Quelques années plus tard, j’ai connu un palestinien, un mathématicien apparemment brillant (je ne saurais en juger, mais je sais qu’il avait passé très rapidement les échelons universitaires), qui lorsqu’on l’interrogeait sur le sujet disait qu’il voulait juste oublier les problèmes de sa terre natale, préoccupation qui le poursuivait en France. Il lui semblait que la plupart des acteurs de la situation étaient des débiles, qu’il y avait un énorme gâchis d’intelligence et de talent. Il rêvait de partir enseigner à Princeton.

Ce ne sont jamais que trois personnes, avec qui j’ai eu quelques discussions au début des années 1990 pour comprendre, et je ne doute pas qu’il existe bien d’autres façons que les leurs d’être israélien ou palestinien. Mais ces trois expériences directes m’avaient intéressé : une sorte de déni, de non-pensée, pour une personne, et une absence d’espoir, une fuite pour les deux autres. Dans tous les cas, aucun espoir de changement positif, aucune vision d’un avenir ou chacun aurait une place. La situation paraissait bien mal barrée. Quelques décennies plus tard, j’ai l’impression que tout ça a empiré, et j’ai même peur que le discours des uns et des autres aurait été moins bienveillant.

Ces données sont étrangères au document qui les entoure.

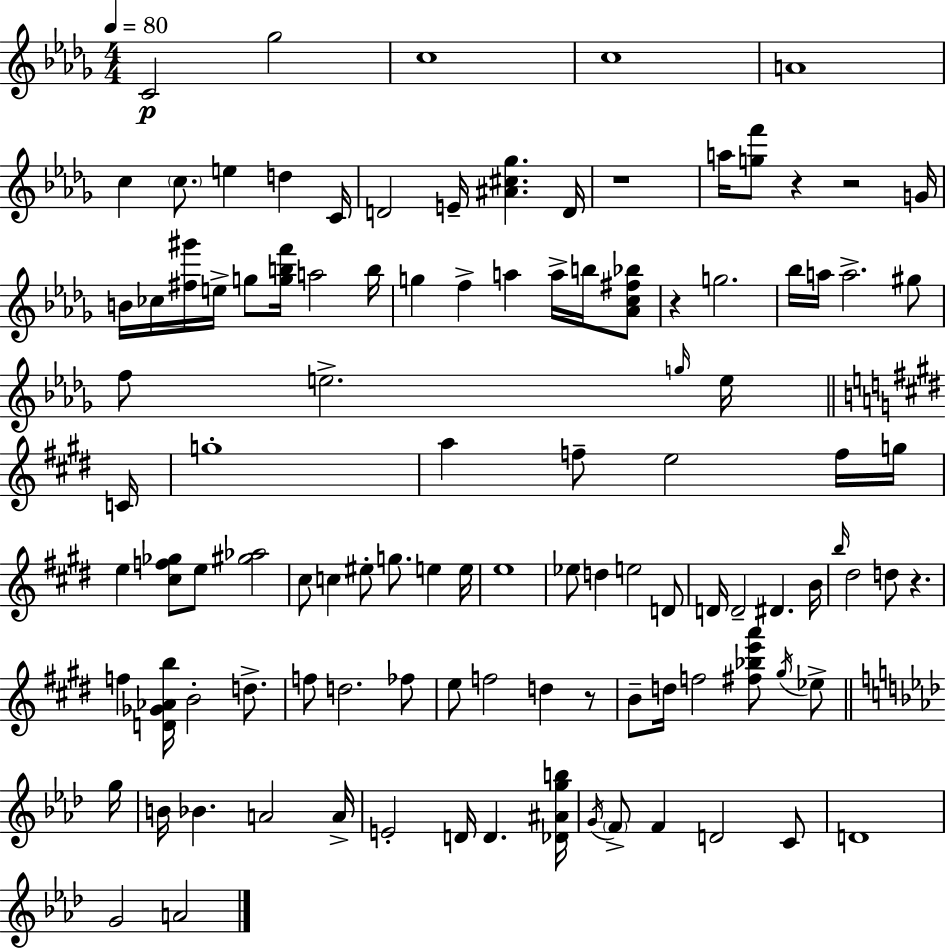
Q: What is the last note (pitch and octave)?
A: A4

La France est un beau pays, les gens y râlent continuellement, mais il y fait vraiment bon vivre et bien manger. Du moins, pour un grand nombre de gens. Mais pas pour tous. Et il faut accepter de le voir. Il m’arrive certains jours de prendre mon train de banlieue de 5:00, et là, je le raconte souvent, je vois la réalité de la « France qui se lève tôt », et je constate que cette France parle surtout turc, arabe, serbo-croate ou quelque langue d’un pays d’Afrique que je n’identifie pas. J’imagine que les uns vont bosser dans la construction, les autres comme caristes dans des entrepôts, d’autres encore comme gardiens. Je parie qu’un grand nombre est employé au noir par des prestataires de prestataires, de ces boites qui disparaissent un jour sans verser les derniers salaires. Je suis juste sûr d’une chose : quand on prend le train à cette heure-là, c’est pour travailler.
Je vois que les femmes portent presque toutes le voile. Pas un voile qui véhicule un message de bravade adolescente, ni la coiffe étudiée et coquette de certaines, ni le look de bonnes sœur qu’ont d’autres, non, un fichu, un voile qui tient les cheveux et que personne ne pensera à leur reprocher quand elles passeront l’aspirateur dans les bureaux de la Défense, avant l’arrivée des employés de bureau.
Ce ne sont bien sûr pas ses gens-là qui deviennent terroristes, ils ont autre chose à faire. Mais il n’empêche : ils ont a priori une autre expérience de la vie en France que les gens qui étaient au café dans les X et XIe arrondissements vendredi soir. Ils sont invisibles, ignorés, non-pensés, non pris en compte. Et leurs enfants sont maltraités par un État qui ne se donne à aucun niveau (police, école, choix urbanistiques) les moyens d’être bienveillant et qui est le relais ou le vecteur d’une société passablement raciste1.
Alors que des gamins sont persuadés que leurs cheveux crépus et l’adresse de leur cité leur interdiront d’avoir du boulot, sont persuadés que la France n’est pas pour eux, est leur ennemie — alors qu’ils y sont nés et ne connaissent rien d’autre —, on a longuement débattu de savoir si on était d’accord pour que des femmes portent un foulard2 sur la tête — et au nom de la Liberté avec un grand L (mais il faut deux ailes pour être libre, non ?).
Ce qui est étrange, ce n’est pas que quelques gosses maltraités par la vie, souvent petits délinquants « rachetés » par des organisations religieuses, décident un jour de partir en Syrie.
Ce qui est miraculeux, c’est peut-être surtout qu’ils soient si peu nombreux à le faire dans le contexte d’une France qui soigne si mal ses enfants.
Bien sûr, il y a d’autres paramètres à prendre en compte : le fric qui finance le djihadisme, les méthodes d’embrigadement sectaire, la naïveté des révoltes adolescentes (rappelez-vous de vous-mêmes, vous m’en direz des nouvelles). Mais sur la justice de la société, en tout cas, il est possible d’agir. La question n’est pas d’obliger les barbus à se raser aujourd’hui, mais d’empêcher que dans quinze ans, des jeunes adultes trouvent l’idée de se faire exploser l’abdomen au milieu d’une foule plus désirable, plus glorieuse que de vivre.
Il faudrait cesser de se contenter de ne pas vouloir de mal aux gens, et commencer à se demander comment leur vouloir du bien, et surtout, comment faire pour que la République française leur veuille du bien et croit à leur avenir.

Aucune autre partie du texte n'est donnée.